Comment by vorticalbox

13 hours ago

This is a problem I find with opus is will spend so long thinking then going “but wait what if”

To point where I stop it and simple tell it to “start writing code you can work it out as you go along”

Seems writers block also effects LLM

26 comments

vorticalbox

In this paper they nerf an LLMs ability to emit waffling thinking tokens like "wait", "but", "alternatively", and the models (they're old, small models in the paper) terminate reasoning faster and perform better. I bet Anthropic is tuning this on their backend.

orbital-decay 2 hours ago

I imagine Anthropic would rather train a small control model instead of resorting to sampling hacks
meatmanek 6 hours ago
This is super cool.

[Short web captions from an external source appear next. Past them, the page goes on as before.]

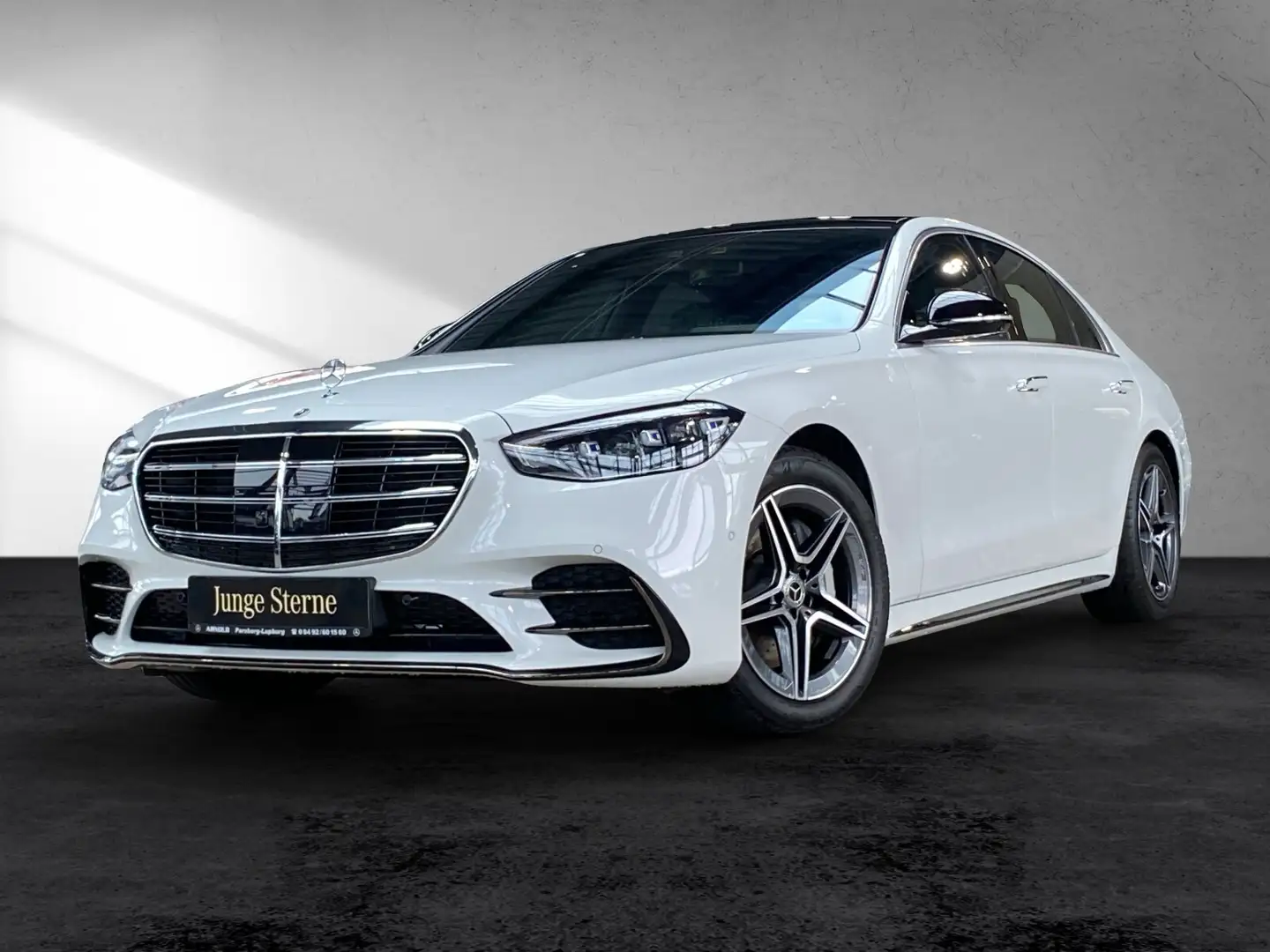Mercedes-Benz S 450 S 450 d 4M AMG Line Exklusiv Pano HUD 360° Distr Weiß - 2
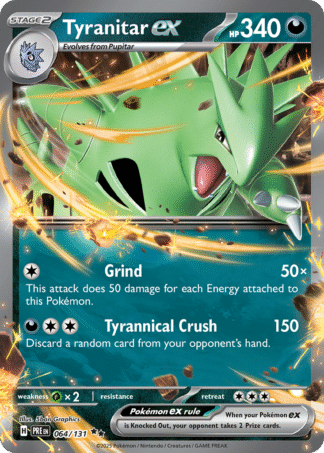 Tyranitar ex 64 / 131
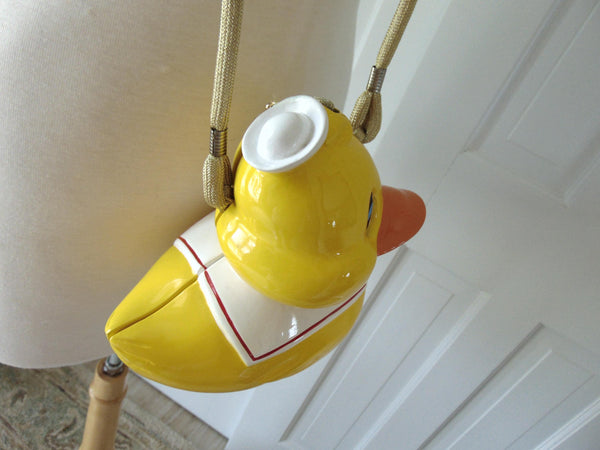 Timmy Woods Vintage Wooden Yellow Duck Purse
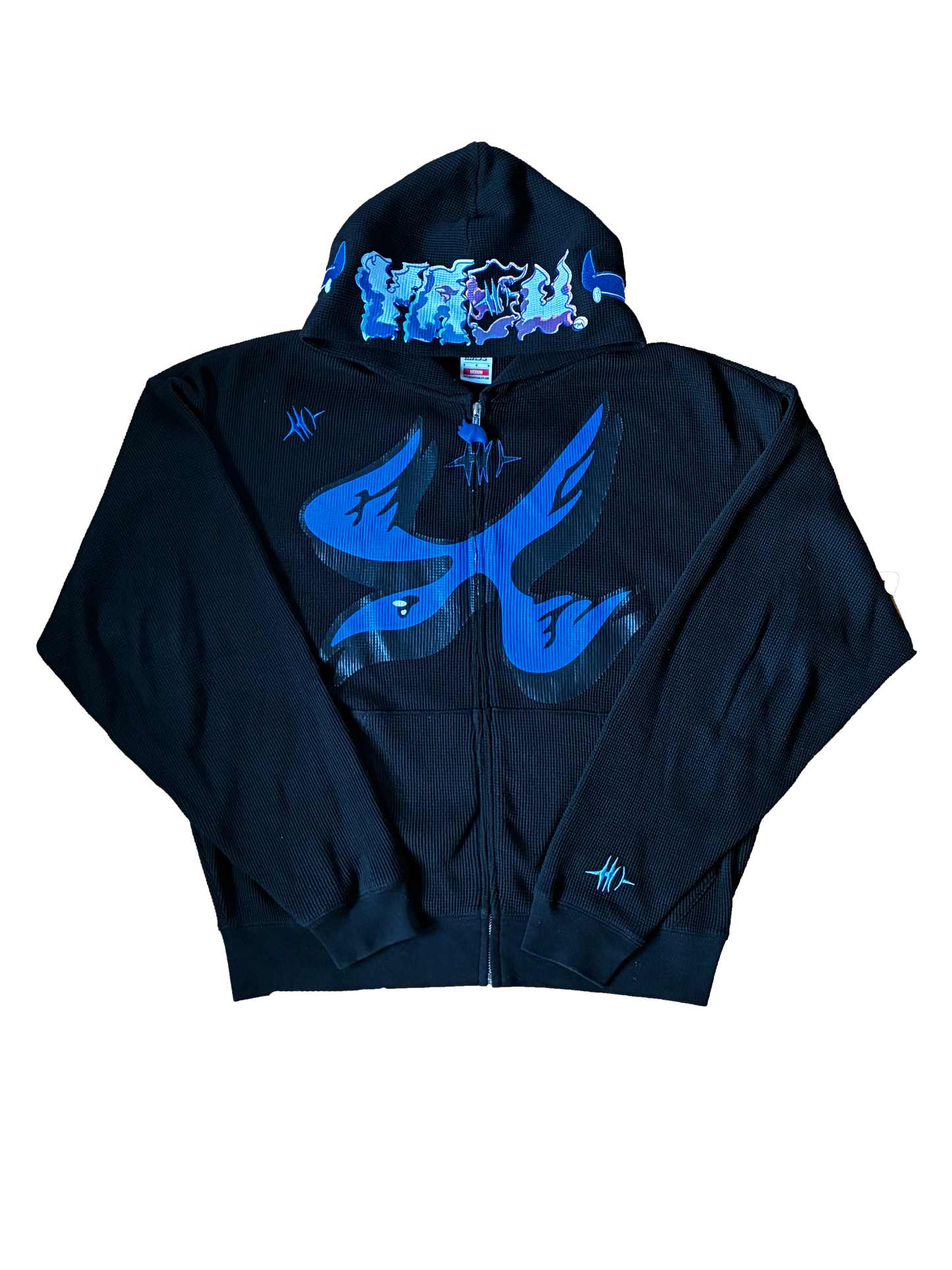 YASU Blue Sigil Thermal Hoodie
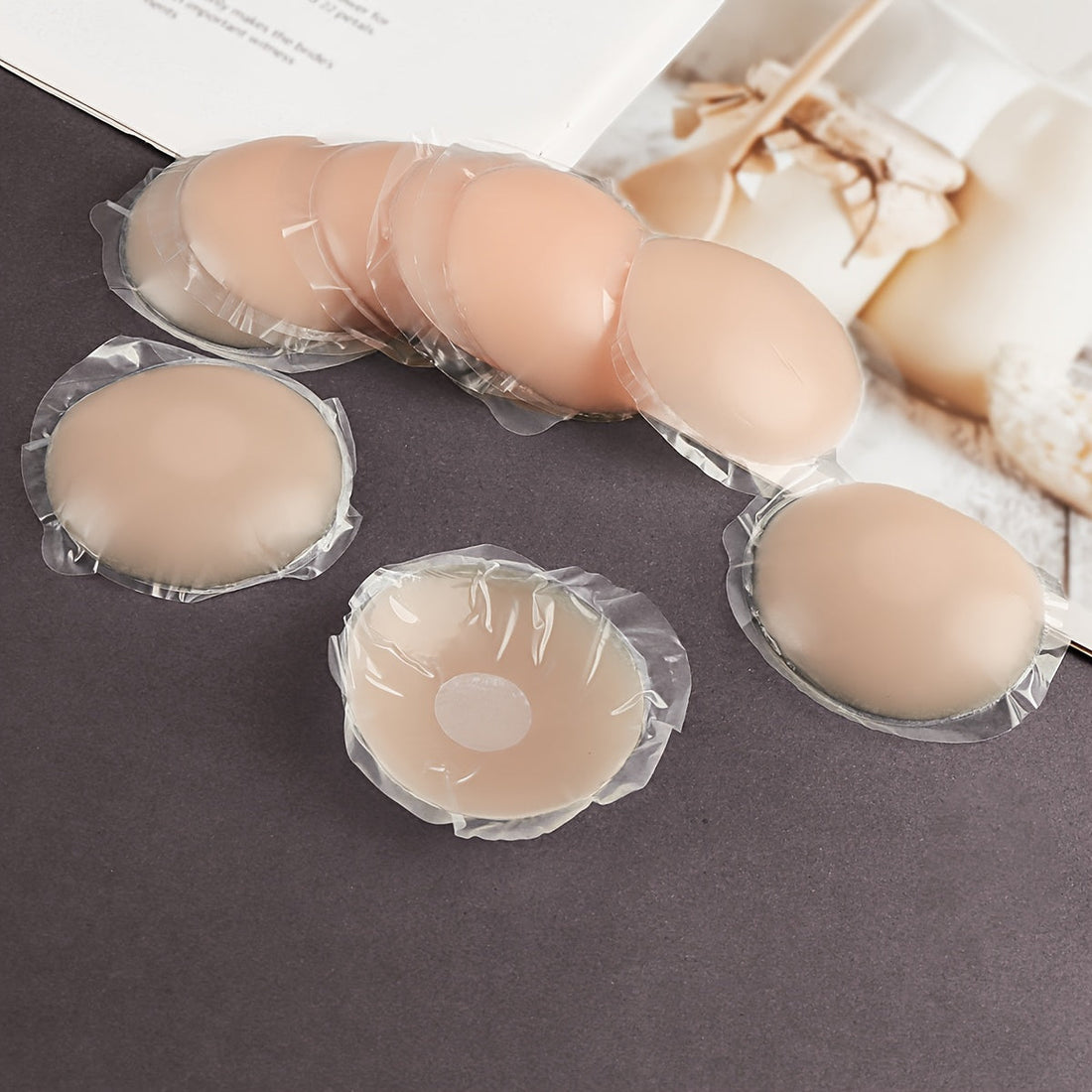 Reusable silicone nipple covers ultra-thin tapered design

Do you know if any of the inference backends (llama.cpp, vllm, etc) support this technique?
- iaw 2 hours ago
  
  vLLM supports "banning" certain tokens but I don't know if it can dynamically reduce them.
  To my knowledge you can also "ban" with llama.cpp but it is passed in the API call rather than to the server at initialization.

giancarlostoro 11 hours ago

I usually have Claude build a plan first, then I put it into an XML file it updates with phases, usually we talk about some of those tasks, and then once its good and I like it, I have Claude implement the plan.

Another thing I tell Claude to do is to not guess, but look at documentation, it messes up a lot less, might use some tokens reading docs, but at least it has a higher success rate code wise.

xstas1 11 hours ago
XML??
- giancarlostoro 11 hours ago
  
  Apparently because of how Claude is trained, even the system level prompts go through as XML, it works better with XML "prompting" so I figured I could have it write plans in XML. I need to update my ticketing tool to output XML maybe by default.
  https://www.reddit.com/r/ClaudeAI/comments/1psxuv7/anthropic...
  
  4 replies →
- aesthesia 3 hours ago
  
  One reason to use XML-like formatting is that it makes the beginning and end of sections explicit. This is less of an issue when the model is generating text but can still be helpful when using templated prompts.
- root-parent 10 hours ago
  
  XML stands for Xtra ML....
  
  1 reply →

mikeocool 12 hours ago

Seriously. Whenever I read the thinking output I get mad and turn down effort to medium or low.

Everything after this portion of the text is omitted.